Some artists conduct their lives in ways that seem so divergent from their art that we have a hard time reconciling the two: Mondrian may have been a revolutionary painter, but he looked and lived like an accountant. In the case of Martin Naylor, who died on December 31 last year, that dissonance was never a problem. Indeed, he even managed to look like his works, and the question of whether he looked like them or they looked like him is one of those chicken and egg conundrums that are impossible and unnecessary to solve. Although one could argue that Whistler, in his person and comportment, roughly resembled his paintings, that seems somewhat unimpressive given that he was, after all, a portraitist. But that Naylor, who was very nearly an abstract painter and sculptor, should have achieved a comparable communion is, in its way, astonishing.
Naylor was born in 1944 in Morley, a small town in Yorkshire (now part of Greater Leeds), and to the end of his days he spoke with a pronounced Yorkshire accent, as though it were a point of pride and a principled retort to the posh, compromised diction of London. Just because he was born too late to be one of the Angry Young Men who stirred up British culture in the Fifties and Sixties didn’t mean that he couldn’t be angry. A towering, Wagnerian figure of a man, he always cultivated the air of going to or having just coming from a fistfight, even though, in my dealings with him, he always behaved with the greatest decency.

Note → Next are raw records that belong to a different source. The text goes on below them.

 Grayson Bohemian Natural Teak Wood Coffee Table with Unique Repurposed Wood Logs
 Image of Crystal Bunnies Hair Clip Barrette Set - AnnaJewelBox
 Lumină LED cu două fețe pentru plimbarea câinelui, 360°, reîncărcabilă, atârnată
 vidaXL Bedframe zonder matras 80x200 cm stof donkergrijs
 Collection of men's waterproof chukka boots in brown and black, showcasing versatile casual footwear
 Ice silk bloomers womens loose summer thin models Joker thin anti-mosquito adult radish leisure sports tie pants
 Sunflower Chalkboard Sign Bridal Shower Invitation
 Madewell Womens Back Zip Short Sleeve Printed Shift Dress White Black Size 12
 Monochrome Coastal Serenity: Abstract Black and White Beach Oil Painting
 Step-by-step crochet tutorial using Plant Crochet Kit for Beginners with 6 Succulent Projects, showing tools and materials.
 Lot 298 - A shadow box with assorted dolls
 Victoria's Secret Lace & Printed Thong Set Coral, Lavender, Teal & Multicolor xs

His clothes, meanwhile, were apt to fit him as fortuitously as those fragments of apparel that he incorporated into his paintings and sculptures, and the tousled storm-cloud of his long, spindly hair had an obvious correlate in the squiggled lines, either abstract or nearly so, that made up his so many of his later paintings. The sweater-wearing stick figure in one of his best and earliest works, Discarded Sweater (1973), a cross between surrealism and arte povera, could almost stand as a self-portrait.

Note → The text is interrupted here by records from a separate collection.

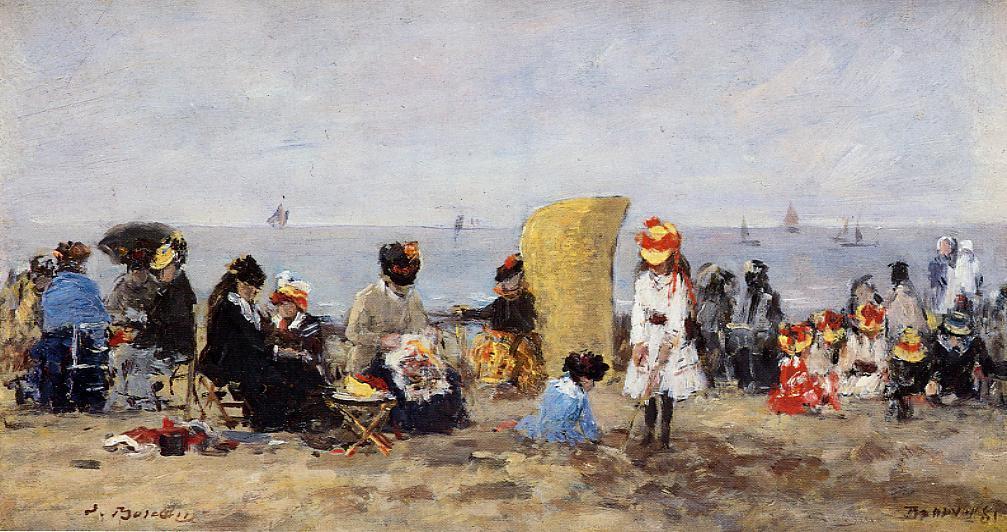 Order Art Reproductions Beach Scene, Trouville, 1881 by Eugène Louis Boudin (1824-1898, France) | ArtsDot.com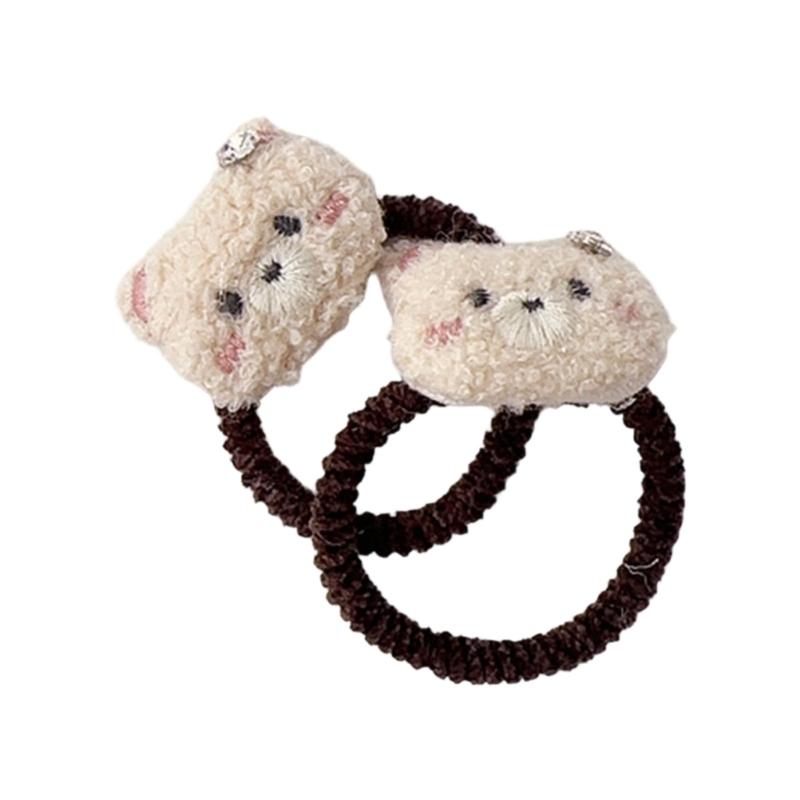 1 Pair Adorable Cartoon Baby Hair Clips Plush Hair Ties Gentle Barrettes Secure Hold For 0 to 2 Year Old Girls Infants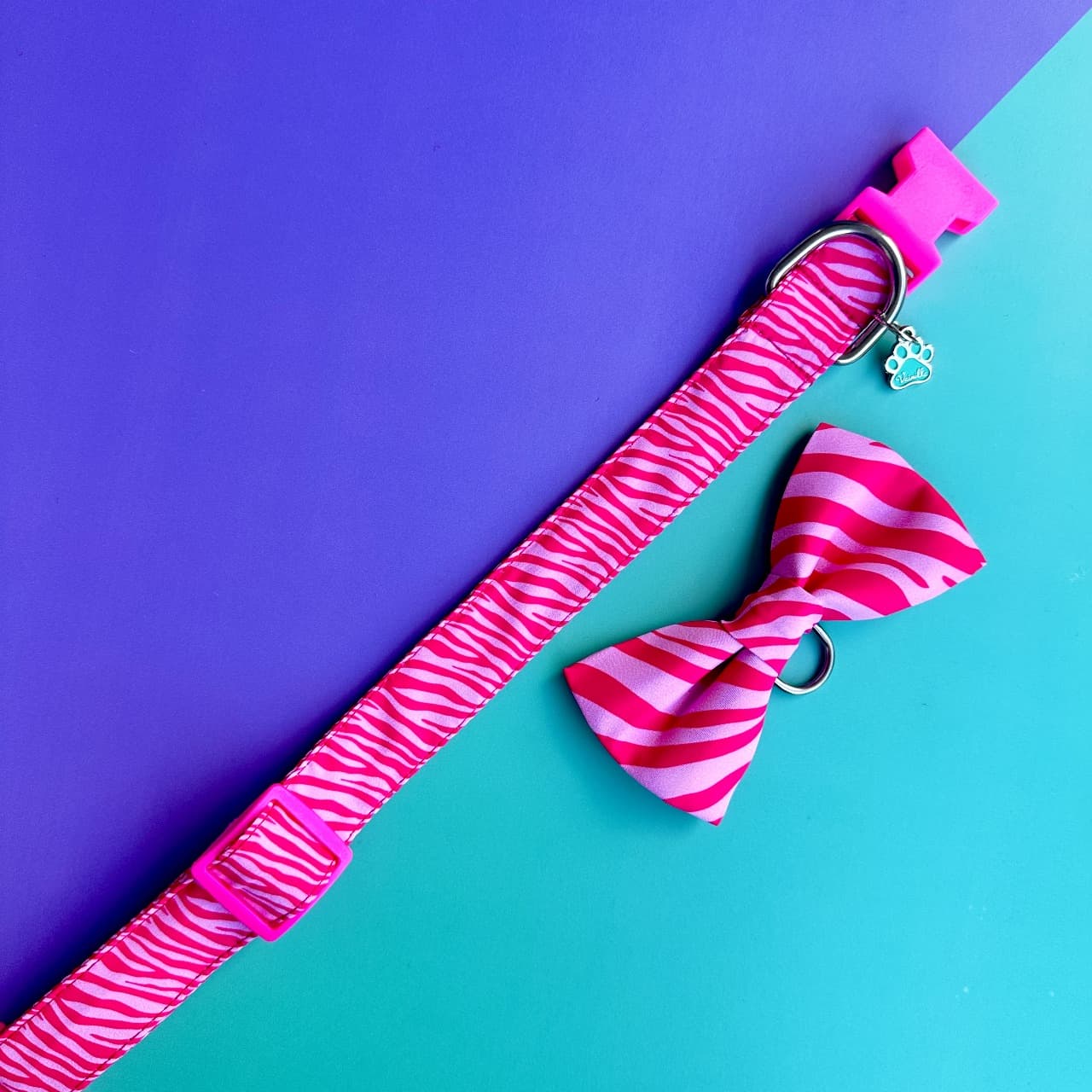 Corbatín para perros Cebra rosado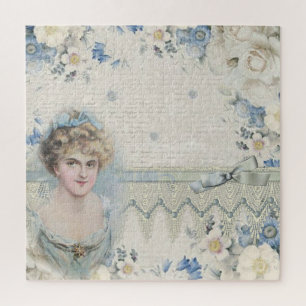 Shabby Chic  Victoriaans Lady met bloemen Legpuzzel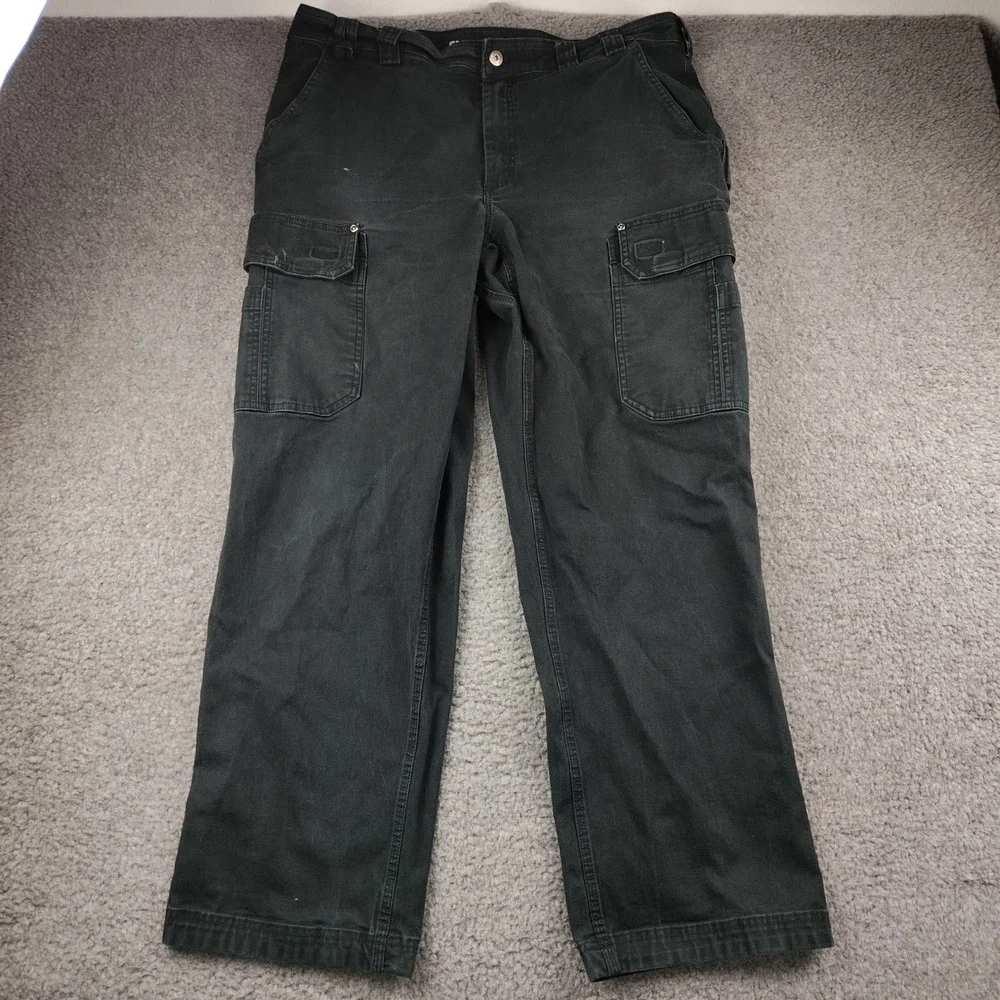 Duluth Trading Co Flex Fire Hose Cargo Pants Mens 40x32 Black Workwear Canvas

For much of the 1970s and 1980s, Naylor was a prominent figure on the London art scene. In addition to teaching at Leeds Art College and the Royal College of Art, he exhibited at the Rowan Gallery, the Yale Center for British Art and the 1977 Sao Paolo Biennial. In the early 1990s, however, Naylor declared himself fed up with the London art establishment and moved to Buenos Aires with his Argentine wife, the psychoanalyst Liliana Maler. There he quickly established himself in the local art scene and exhibited in such prestigious venues as the Centro Cultural Borges. He remained in Buenos Aires for roughly fifteen years before moving back to London in 2008. By this time, however, his health was beginning to deteriorate, and with it his will to produce art.
But his energetic productivity before that decline has left us with an abundant legacy of paintings and sculptures that sit in eminent collections throughout the world. And they are now becoming the subject of new and vigorous interest to a younger generation.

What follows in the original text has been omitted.